What happens when your margin hits maintenance - the position is force-closed at market, you lose the posted margin, and a 0.5% liquidation fee is deducted.

Liquidation is what happens when a leveraged position loses enough money that the exchange force-closes it to protect both the trader and the platform from negative-balance risk. On Hex37, liquidation triggers when your margin balance drops to 1% of position notional (the maintenance margin). The exchange closes the position at market with adverse slippage, deducts a 0.5% liquidation fee, and returns whatever (if anything) is left of your posted margin to your balance.

Why liquidation exists

Leverage lets a small amount of margin control a much larger position. A 10x long means $100 of margin controls $1,000 of exposure. If the price moves against the long by 10%, the position has lost $100, the entire posted margin. Without an automatic close-out, your account would go negative and either the platform or the funding pool that backs other positions would have to absorb the loss. Liquidation is the exchange's mechanism for closing the position before that happens. Every margin-trading venue has one.

How the liquidation price is calculated

Your liquidation price is the price at which your margin would fall to maintenance margin (1% of notional on Hex37). For an isolated-margin long at 10x leverage, the liquidation price sits roughly 9% below entry. At 20x leverage, it sits roughly 4.5% below entry. At 50x or 100x leverage (which Hex37 caps at 20x for safety reasons), the liquidation price is so close to entry that any normal volatility liquidates you. The Hex37 position sizer shows your liquidation price in real time as you adjust leverage and stop placement.

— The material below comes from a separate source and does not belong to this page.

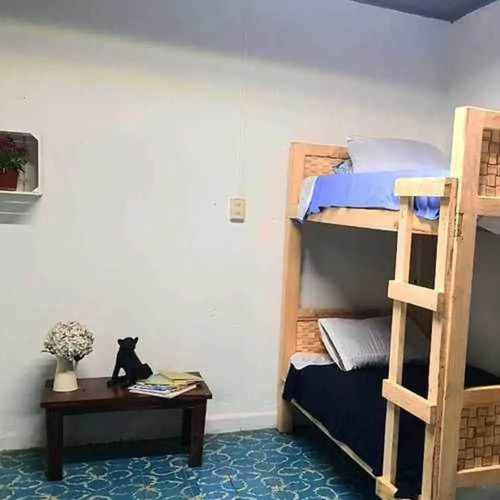 Casa de Las Flores - Hostel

What liquidation looks like on Hex37

When a position hits maintenance margin, the simulator runs the same sequence a real exchange runs: the engine fires a market order to close at the best available bid (for a long) or ask (for a short), applies the adverse slippage that real liquidations include, deducts the 0.5% liquidation fee, and writes the receipt to the journal. You see the trigger price (where margin crossed maintenance), the executed close price (worse than the trigger due to slippage), the fee, and the resulting PnL. The whole thing usually happens faster than the chart can update, which is part of the lesson.

How to avoid liquidation

  • Use isolated margin while learning so one losing position cannot drain the rest of your balance.
  • Keep leverage low enough that your stop-loss triggers well before the liquidation price.
  • Size each position so 1% account risk is the cap, regardless of conviction.
  • Treat the liquidation engine as a backstop you never want to touch, not as a stop-loss alternative.
  • Use bracket orders so a take-profit and stop-loss attach to the entry automatically and survive disconnections.